Le grand ménage façon Vincent Bolloré se poursuit... Après avoir fait tomber les têtes des hauts dirigeants de Canal+ à l'été 2015 et avoir rendu très confidentielle la nouvelle version des Guignols de l'info, la dernière victime du PDG du groupe Bolloré, également président des conseils de surveillance de Vivendi et Canal+, s'appelle... Pascal Nègre !
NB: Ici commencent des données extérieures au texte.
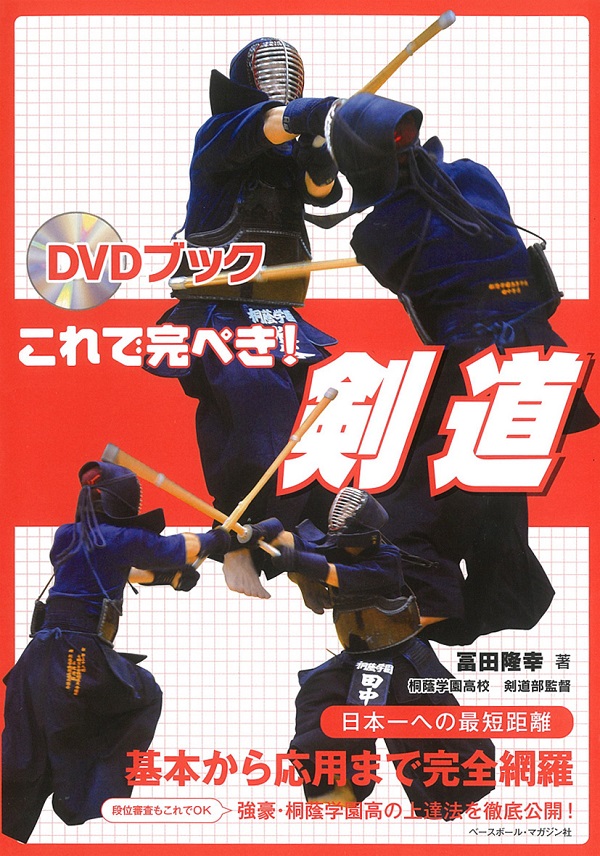 DVDブック　これで完ぺき!　剣道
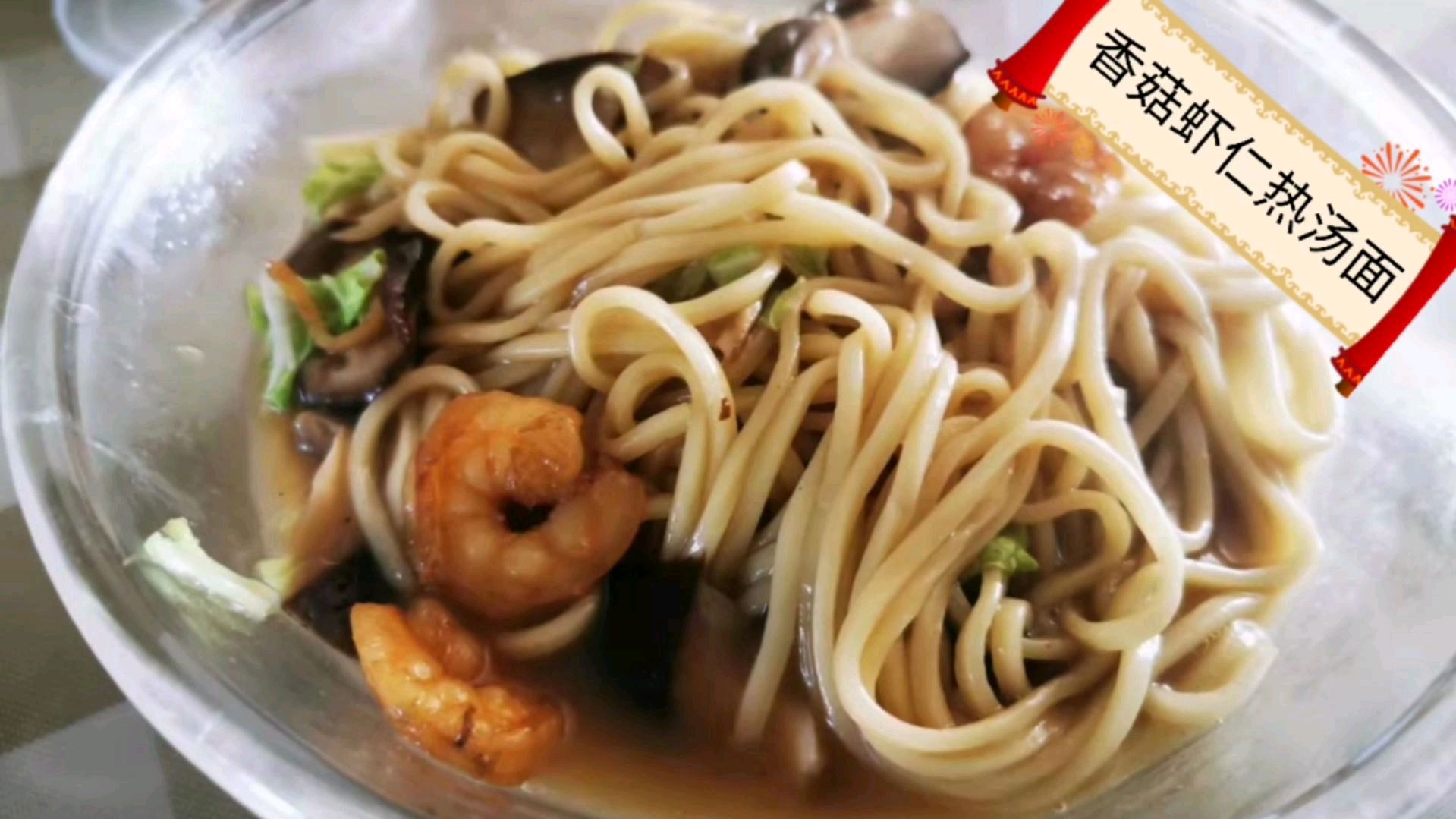 早餐不知吃啥,就做香菇虾仁热汤面。简单方便,营养美味!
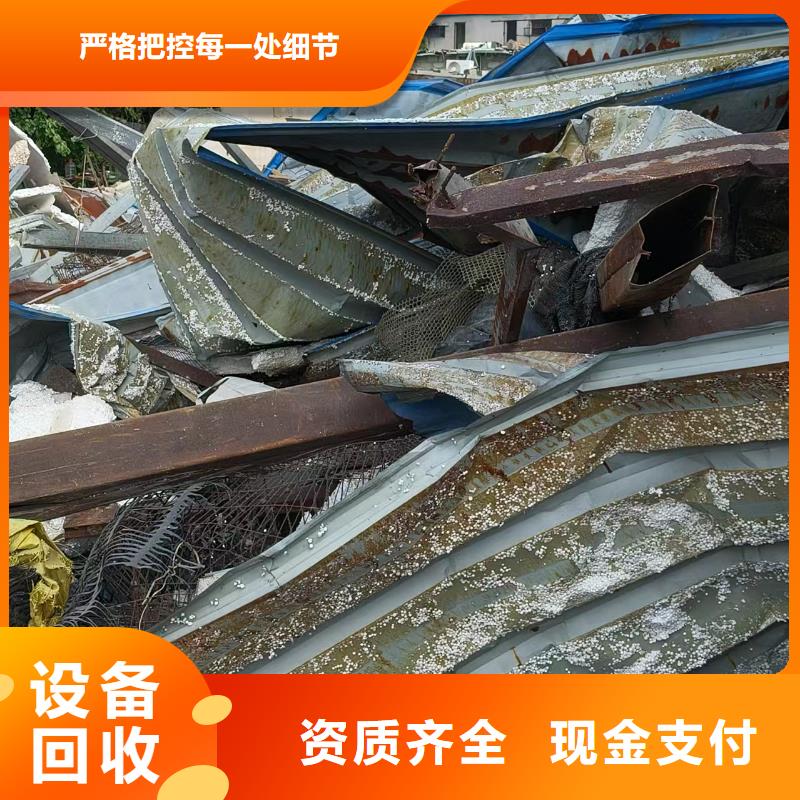 废配电柜回收徐州市新沂整厂回收实力雄厚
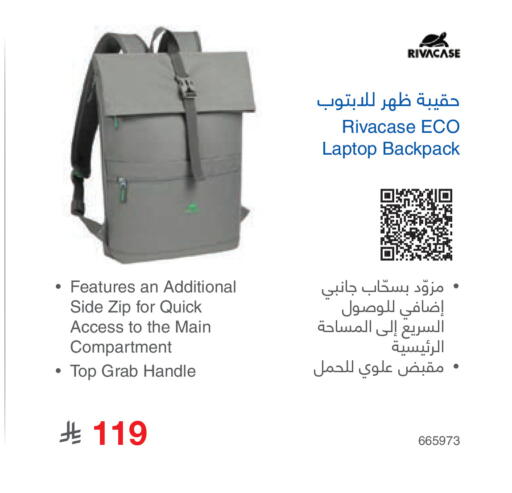 available at مكتبة جرير in مملكة العربية السعودية, السعودية, سعودية - المجمعة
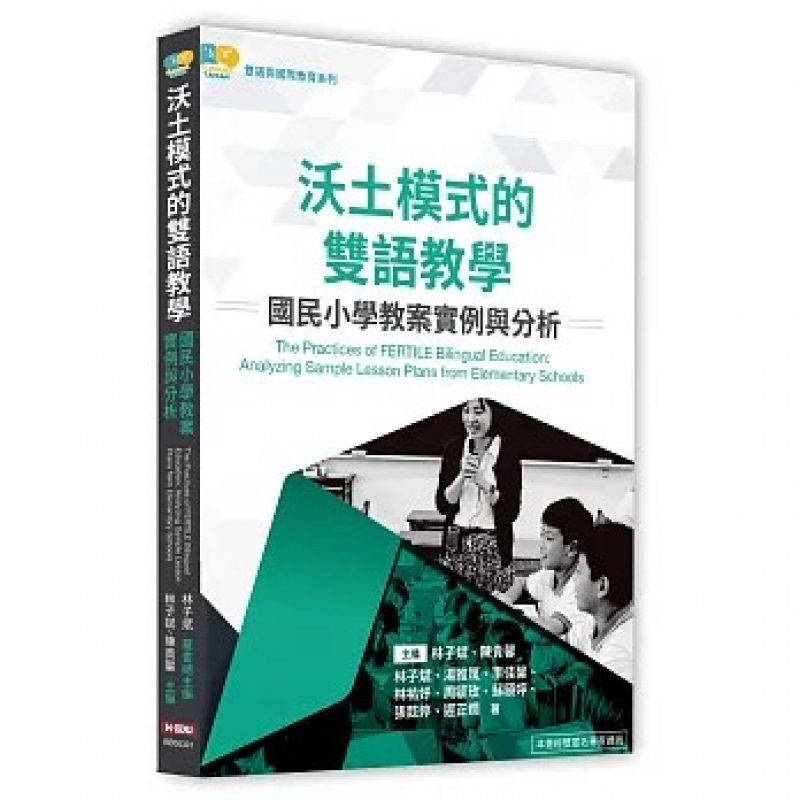 課程教學與班級經營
Son départ, annoncé jeudi 18 février, a ému bon nombre d'artistes qui s'étaient pris d'affection pour ce passionné de musique et qui lui doivent - pour certains - toute leur carrière. D'autant que la maison de disques affiche un bilan record en 2015 avec une part de marché de 45% grâce aux cartons dans les bacs d'artistes comme Kendji Girac, Louane Emera ou Stromae.
PDG d'Universal Music France (ex-Polygram), société filiale de Vivendi, Pascal Nègre a contribué à l'ascension de plusieurs centaines d'artistes signés chez les différents labels du groupe d'édition phonographique. Les artistes issus des télé-crochets The Voice (Kendji Girac, Fréro Delavega...) ou Star Academy (Jenifer, Nolwenn Leroy, Grégory Lemarchal, Elodie Frégé...), c'est lui. Alain Bashung, Noir Désir, Zazie, Florent Pagny ou encore Calogero lui doivent le développement de leur carrière. Pendant 15 ans, il s'est démené pour limiter au maximum l'impact sur le marché du disque de l'arrivée du téléchargement illégal et des plateformes de peer 2 peer. C'est également lui qui était en charge de superviser, sur le territoire français, les carrières des grosses stars internationales d'Universal, de Lady Gaga à U2 en passant par les Black Eyed Peas. La fin d'une ère !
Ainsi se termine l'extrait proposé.